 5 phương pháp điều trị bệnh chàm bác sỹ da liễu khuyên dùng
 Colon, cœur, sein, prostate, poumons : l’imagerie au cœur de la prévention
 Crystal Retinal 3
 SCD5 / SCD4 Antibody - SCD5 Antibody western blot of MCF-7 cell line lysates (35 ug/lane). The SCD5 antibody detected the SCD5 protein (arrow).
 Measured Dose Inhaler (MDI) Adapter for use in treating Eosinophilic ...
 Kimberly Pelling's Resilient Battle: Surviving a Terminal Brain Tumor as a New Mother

---

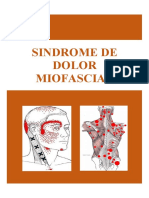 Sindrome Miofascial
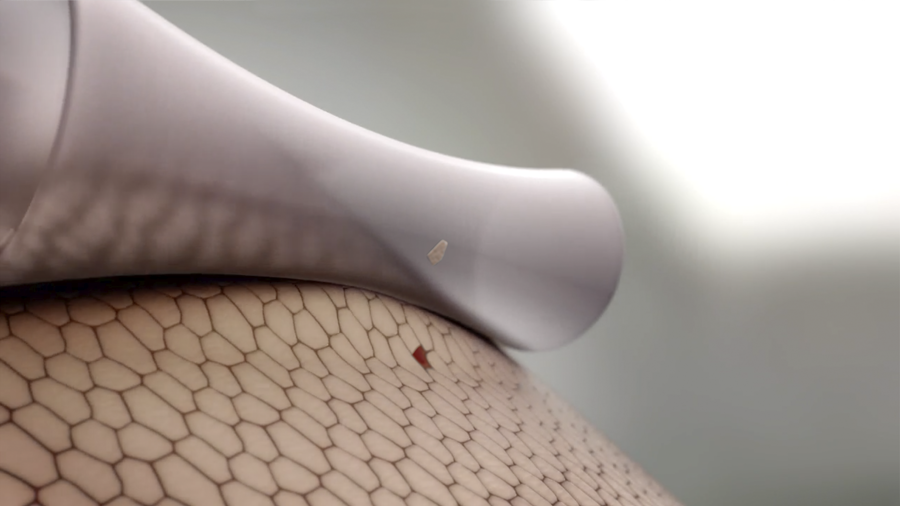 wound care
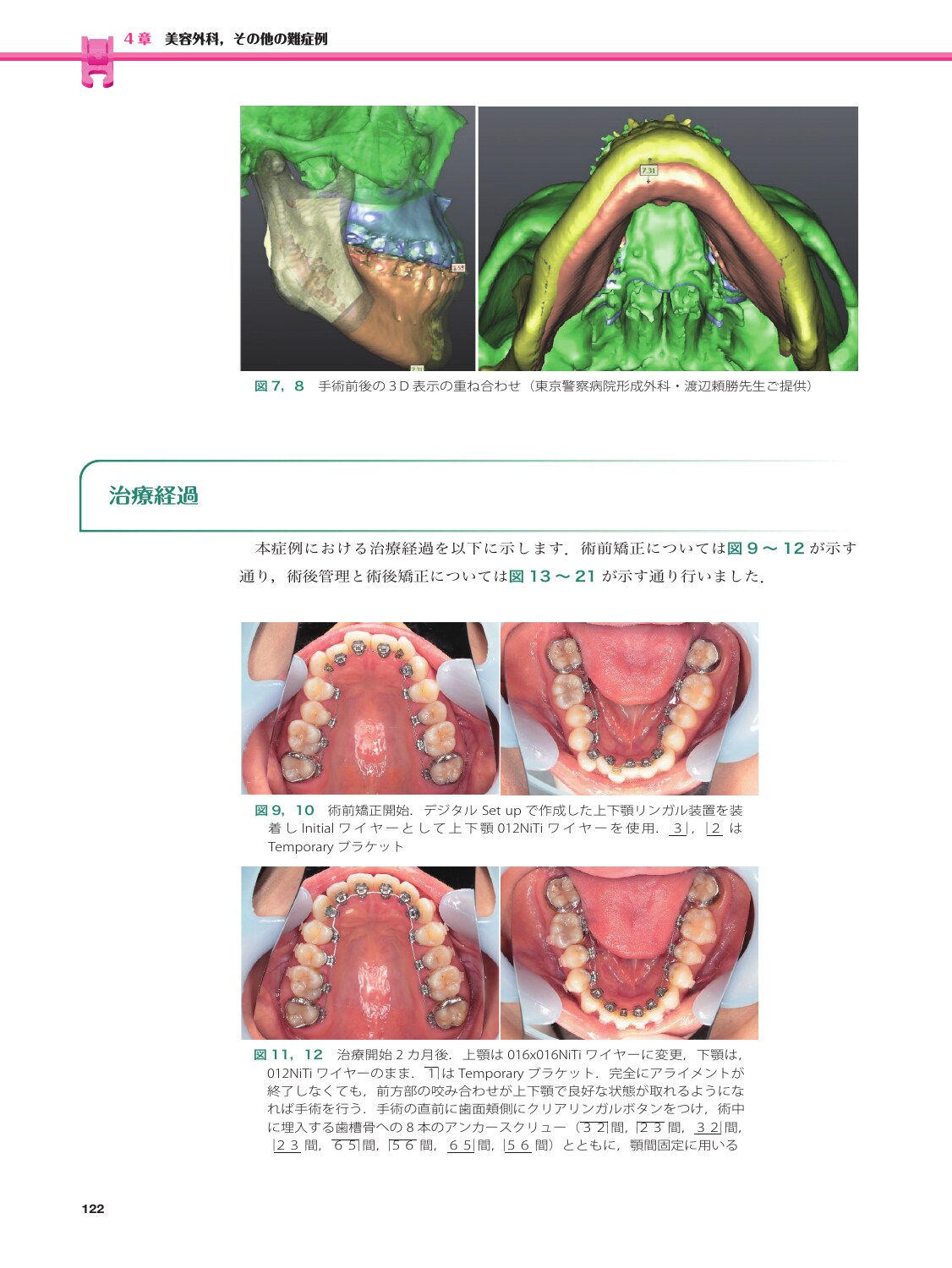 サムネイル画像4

## [Task item]
Here the job is to set down exactly the lines of the material above that fall between the one with "Measured Dose Inhaler" and the one with "Kimberly Pelling's Resilient", inclusive, and nothing beyond them.

## [Answer to the problem]
 Measured Dose Inhaler (MDI) Adapter for use in treating Eosinophilic ...
 Kimberly Pelling's Resilient Battle: Surviving a Terminal Brain Tumor as a New Mother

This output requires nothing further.